=== Material for this exercise ===
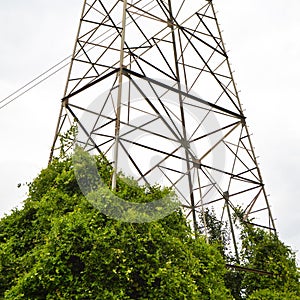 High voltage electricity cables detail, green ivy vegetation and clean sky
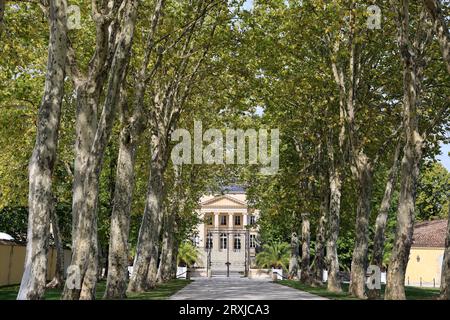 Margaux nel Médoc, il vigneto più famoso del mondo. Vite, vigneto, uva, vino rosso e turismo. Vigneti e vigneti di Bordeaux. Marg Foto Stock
--
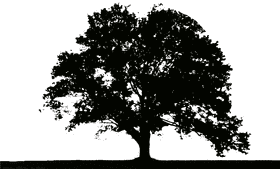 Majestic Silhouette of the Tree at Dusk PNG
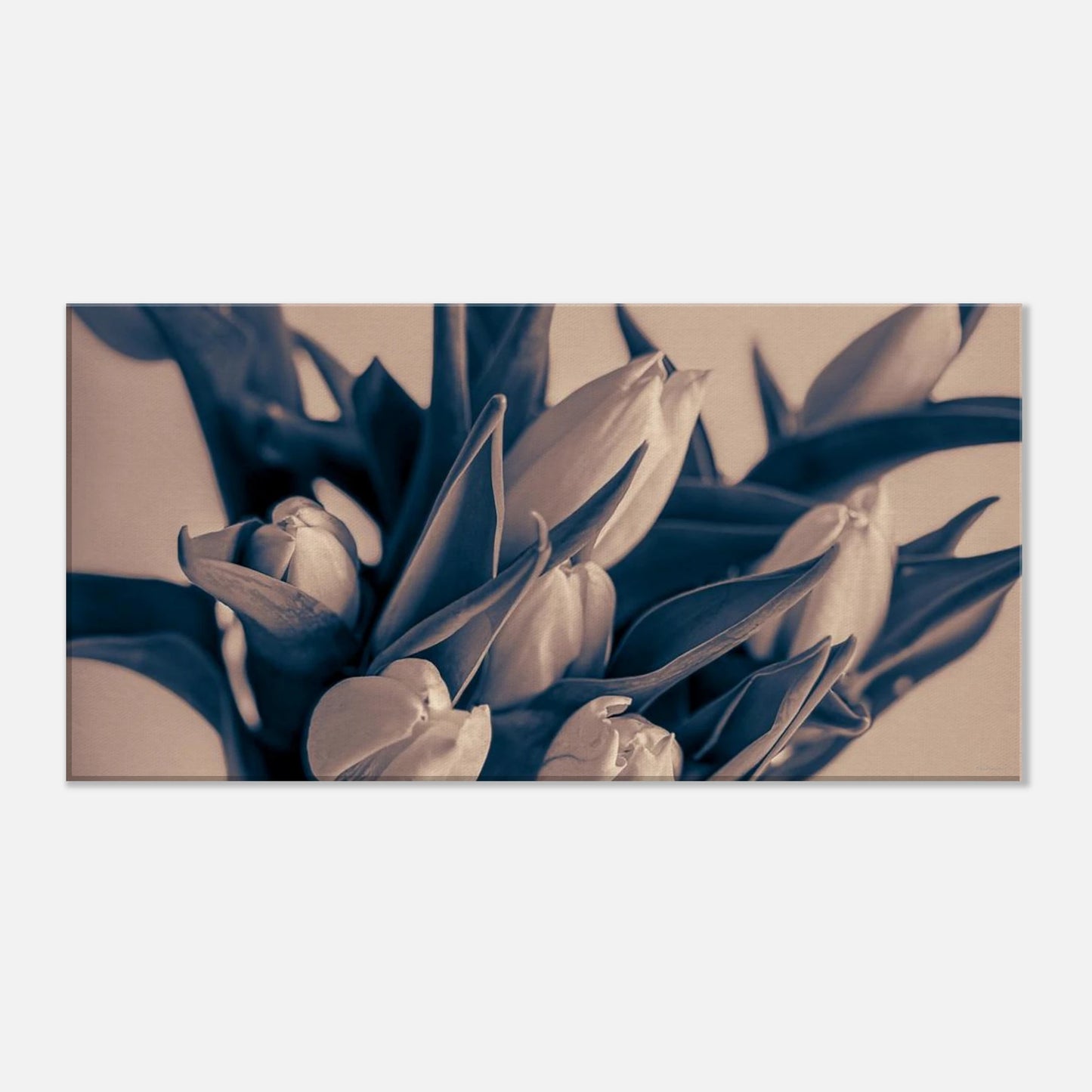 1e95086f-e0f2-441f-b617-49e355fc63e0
---
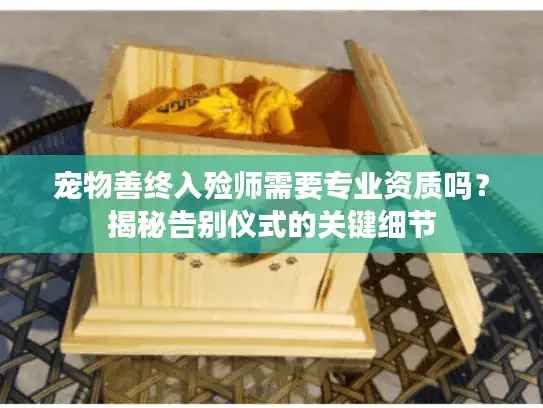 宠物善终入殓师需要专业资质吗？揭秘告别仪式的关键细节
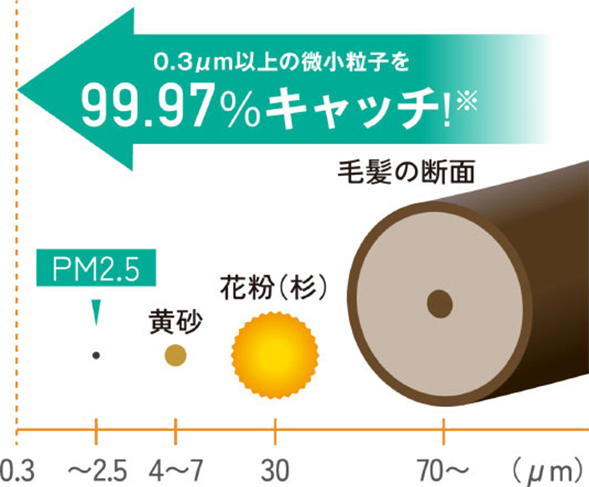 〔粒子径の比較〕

=== Instructions for the task ===
For the material above, give again only the lines starting at the line that contains "High voltage electricity" and ending at the line that contains "Margaux nel Médoc, il". Pictures do not belong in the copy.

=== Answer section ===
 High voltage electricity cables detail, green ivy vegetation and clean sky
 Margaux nel Médoc, il vigneto più famoso del mondo. Vite, vigneto, uva, vino rosso e turismo. Vigneti e vigneti di Bordeaux. Marg Foto Stock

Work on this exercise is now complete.